* What you are asked to do
Please output the following records exactly. Leave every image out.

* Dataset
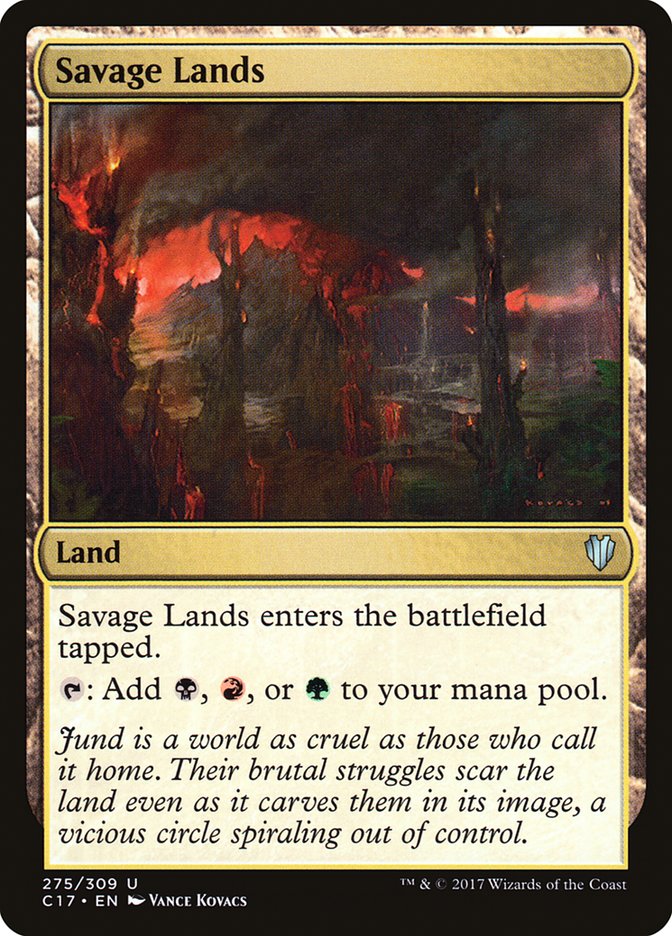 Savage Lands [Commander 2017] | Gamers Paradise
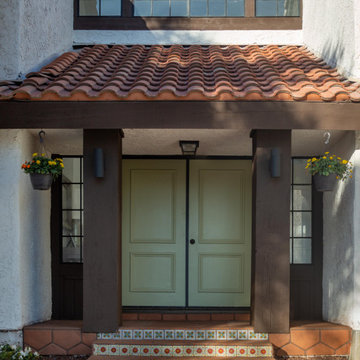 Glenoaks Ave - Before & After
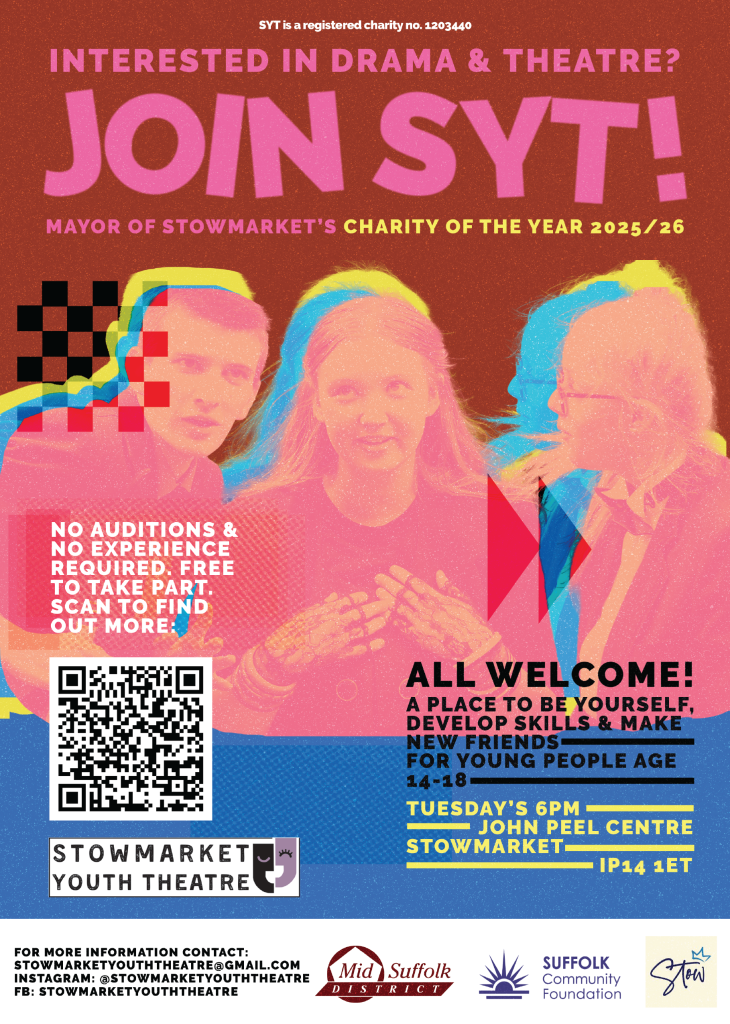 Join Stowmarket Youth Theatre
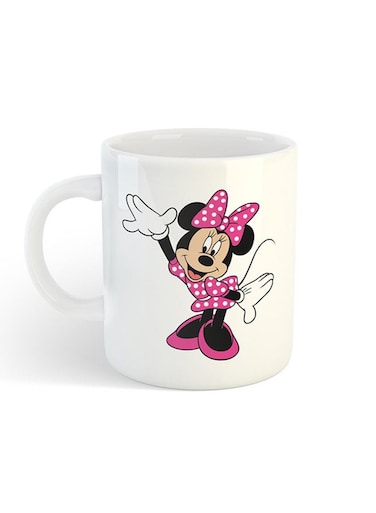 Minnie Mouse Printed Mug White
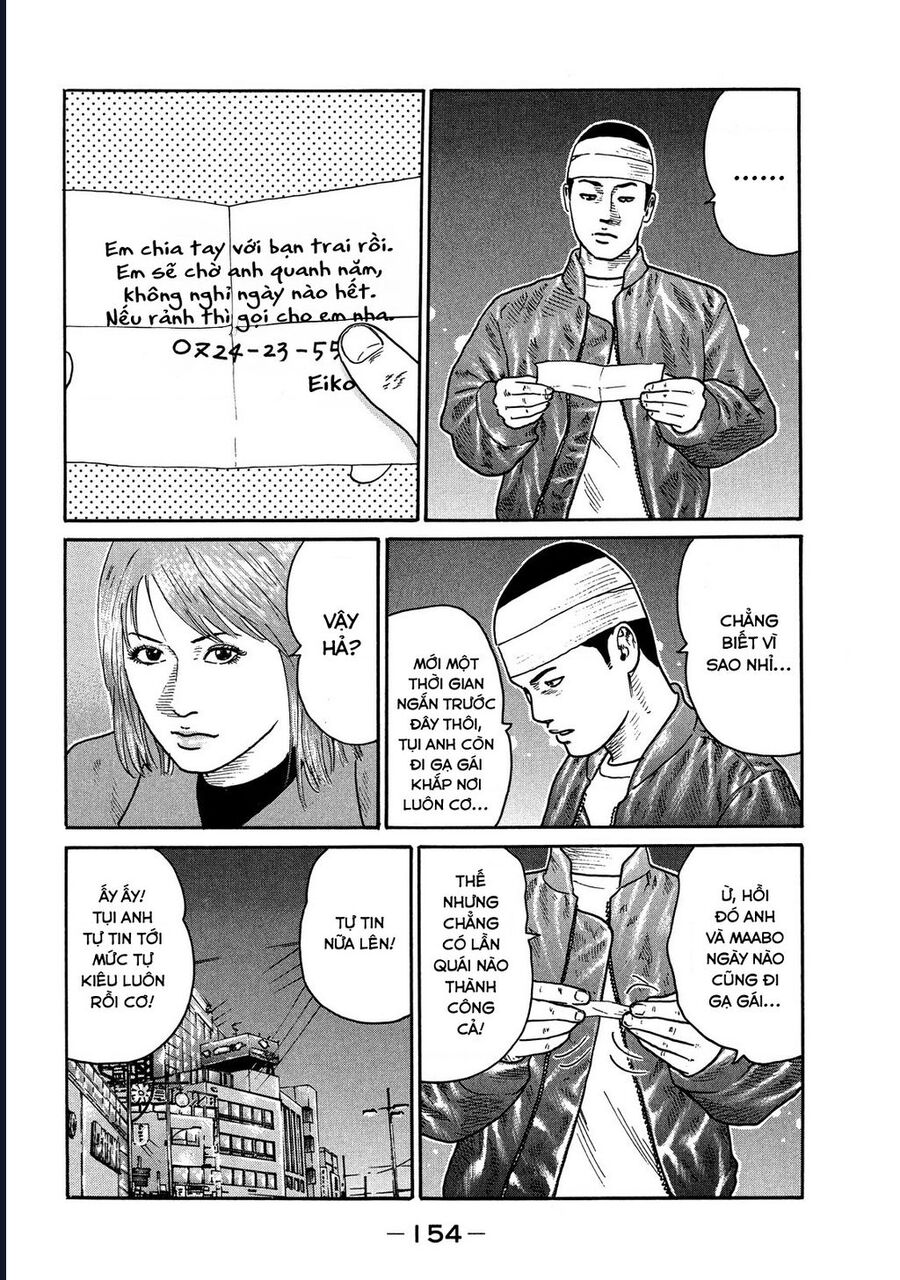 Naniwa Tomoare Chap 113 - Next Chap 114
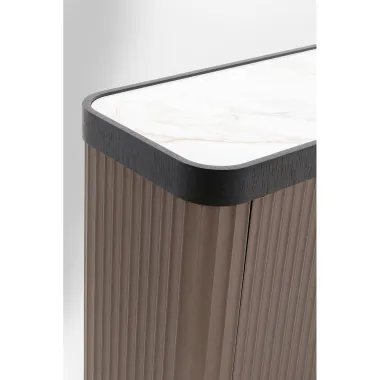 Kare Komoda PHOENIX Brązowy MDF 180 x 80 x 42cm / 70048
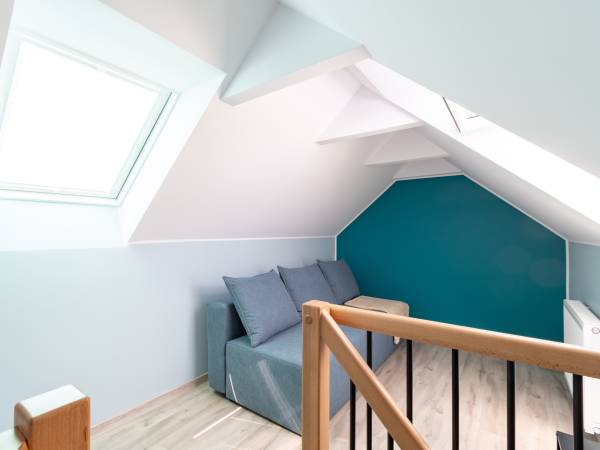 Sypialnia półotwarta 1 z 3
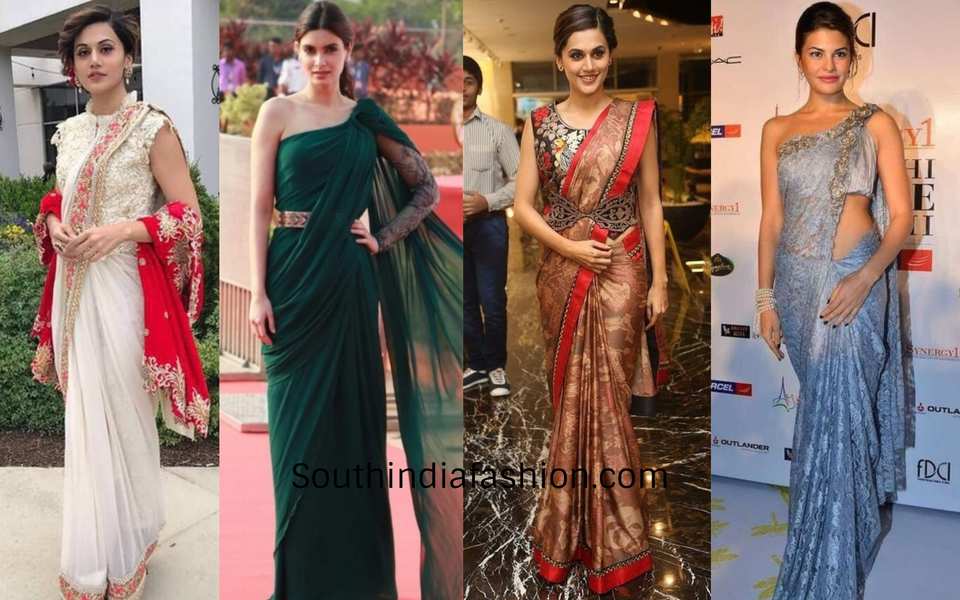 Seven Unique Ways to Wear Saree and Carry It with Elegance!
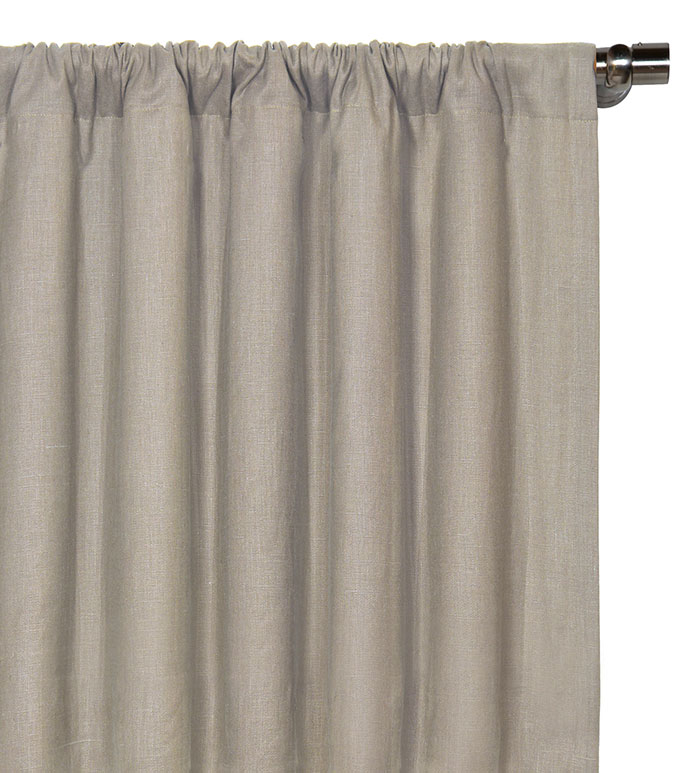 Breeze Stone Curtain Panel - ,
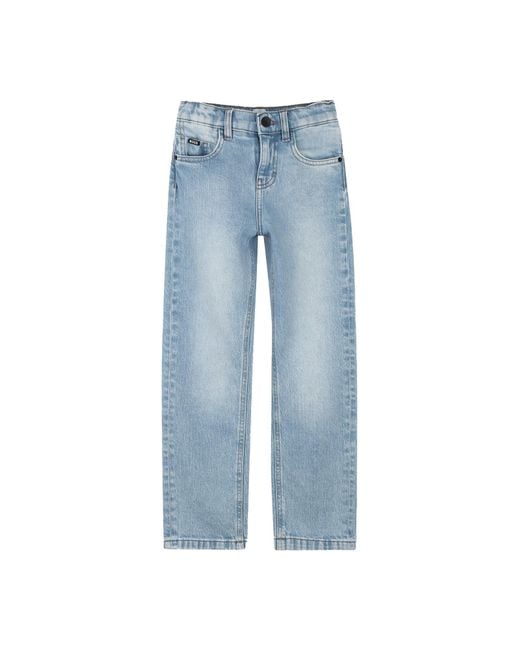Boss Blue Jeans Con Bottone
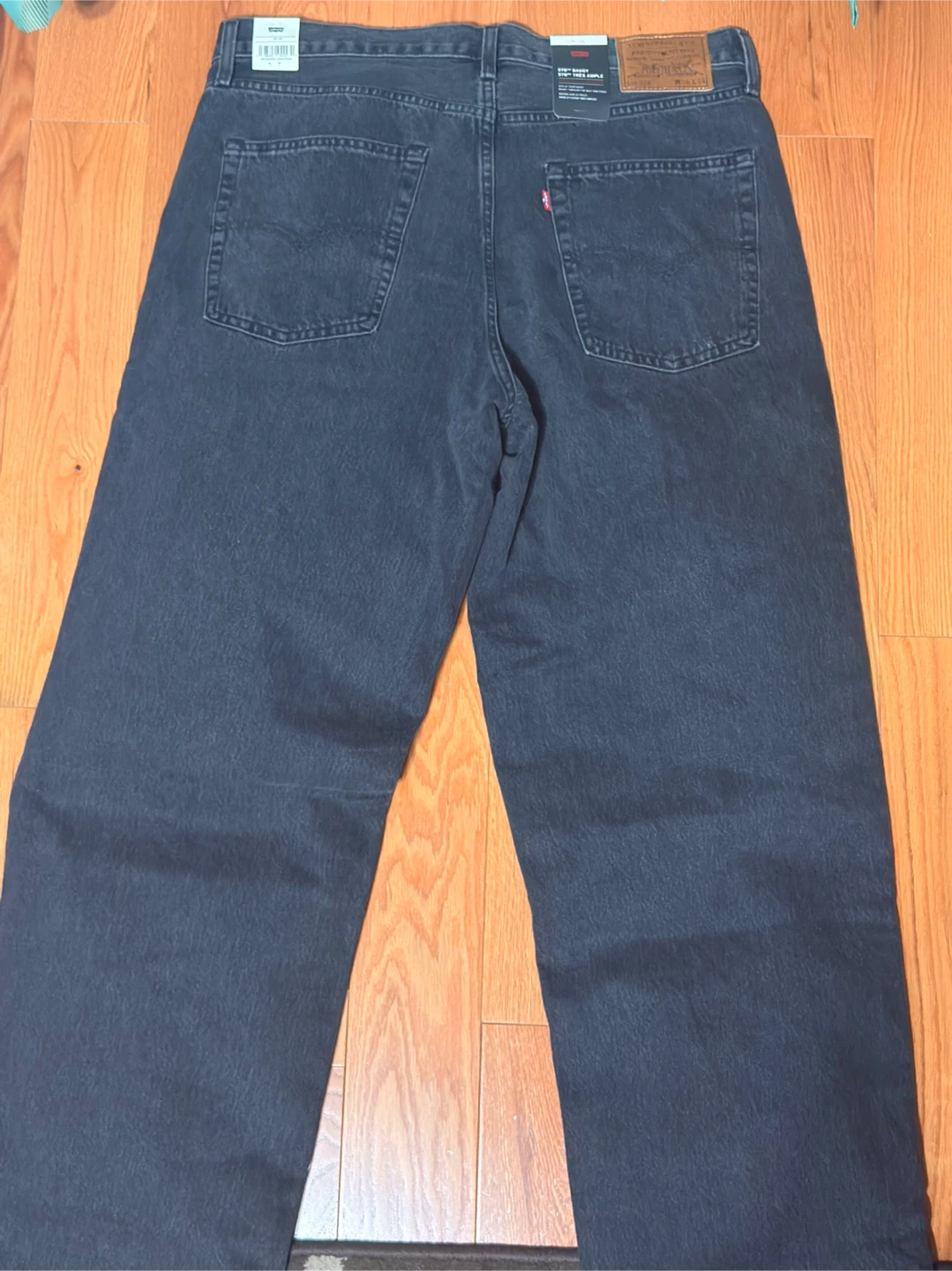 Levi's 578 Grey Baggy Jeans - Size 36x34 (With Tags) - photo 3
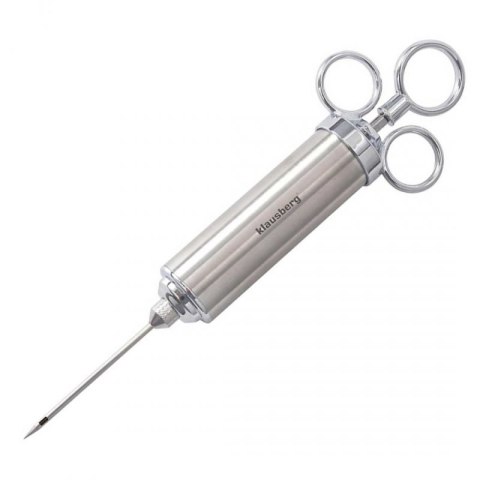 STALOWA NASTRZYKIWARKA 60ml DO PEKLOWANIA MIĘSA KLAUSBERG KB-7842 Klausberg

* Answer to this exercise
 Savage Lands [Commander 2017] | Gamers Paradise
 Glenoaks Ave - Before & After
 Join Stowmarket Youth Theatre
 Minnie Mouse Printed Mug White
 Naniwa Tomoare Chap 113 - Next Chap 114
 Kare Komoda PHOENIX Brązowy MDF 180 x 80 x 42cm / 70048
 Sypialnia półotwarta 1 z 3
 Seven Unique Ways to Wear Saree and Carry It with Elegance!
 Breeze Stone Curtain Panel - ,
Boss Blue Jeans Con Bottone
 Levi's 578 Grey Baggy Jeans - Size 36x34 (With Tags) - photo 3
 STALOWA NASTRZYKIWARKA 60ml DO PEKLOWANIA MIĘSA KLAUSBERG KB-7842 Klausberg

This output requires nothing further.